■ **Assigned task**: If a record holds a picture, please leave the picture out and copy the rest of the record exactly.

■ **Records to process**:
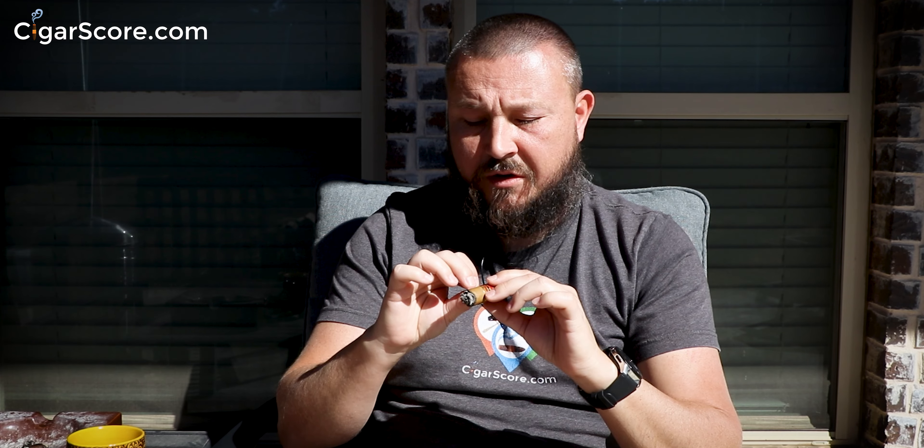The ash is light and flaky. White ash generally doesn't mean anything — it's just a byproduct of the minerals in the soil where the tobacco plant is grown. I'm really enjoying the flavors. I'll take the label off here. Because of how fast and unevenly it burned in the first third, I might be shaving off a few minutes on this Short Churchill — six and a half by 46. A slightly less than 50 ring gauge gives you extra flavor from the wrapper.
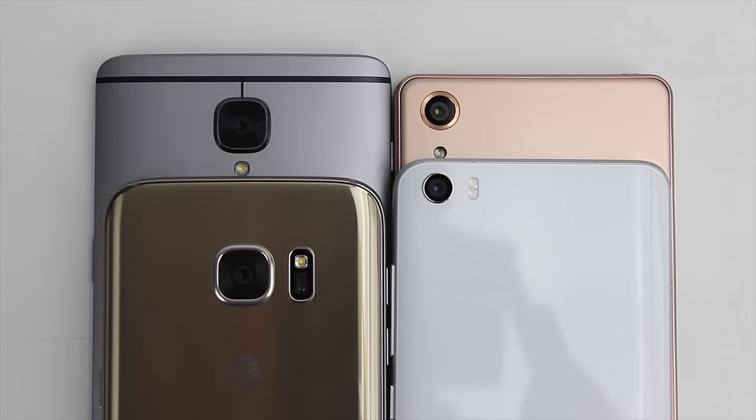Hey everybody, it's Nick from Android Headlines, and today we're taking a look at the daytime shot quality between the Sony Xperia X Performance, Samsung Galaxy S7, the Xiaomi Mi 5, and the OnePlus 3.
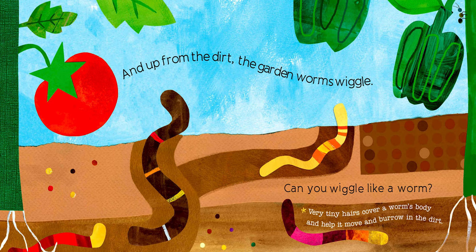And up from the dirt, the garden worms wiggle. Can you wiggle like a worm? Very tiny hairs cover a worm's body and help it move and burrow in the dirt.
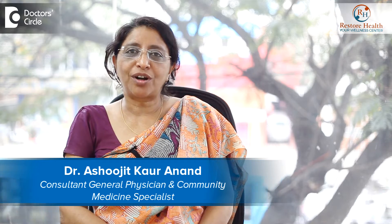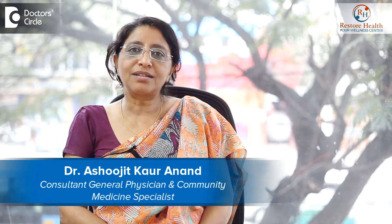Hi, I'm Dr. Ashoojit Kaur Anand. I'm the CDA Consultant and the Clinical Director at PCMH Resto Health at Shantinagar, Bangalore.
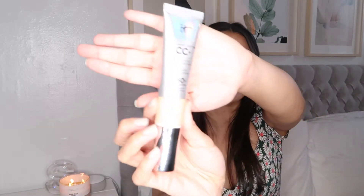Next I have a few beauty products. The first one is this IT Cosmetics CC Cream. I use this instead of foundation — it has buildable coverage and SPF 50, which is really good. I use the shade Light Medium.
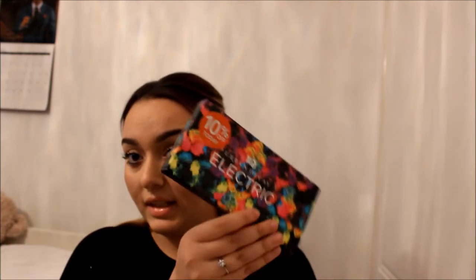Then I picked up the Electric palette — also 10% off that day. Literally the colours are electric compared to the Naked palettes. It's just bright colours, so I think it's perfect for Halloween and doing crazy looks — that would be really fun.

■ **Response**:
The ash is light and flaky. White ash generally doesn't mean anything — it's just a byproduct of the minerals in the soil where the tobacco plant is grown. I'm really enjoying the flavors. I'll take the label off here. Because of how fast and unevenly it burned in the first third, I might be shaving off a few minutes on this Short Churchill — six and a half by 46. A slightly less than 50 ring gauge gives you extra flavor from the wrapper.
Hey everybody, it's Nick from Android Headlines, and today we're taking a look at the daytime shot quality between the Sony Xperia X Performance, Samsung Galaxy S7, the Xiaomi Mi 5, and the OnePlus 3.
And up from the dirt, the garden worms wiggle. Can you wiggle like a worm? Very tiny hairs cover a worm's body and help it move and burrow in the dirt.
Hi, I'm Dr. Ashoojit Kaur Anand. I'm the CDA Consultant and the Clinical Director at PCMH Resto Health at Shantinagar, Bangalore.
Next I have a few beauty products. The first one is this IT Cosmetics CC Cream. I use this instead of foundation — it has buildable coverage and SPF 50, which is really good. I use the shade Light Medium.
Then I picked up the Electric palette — also 10% off that day. Literally the colours are electric compared to the Naked palettes. It's just bright colours, so I think it's perfect for Halloween and doing crazy looks — that would be really fun.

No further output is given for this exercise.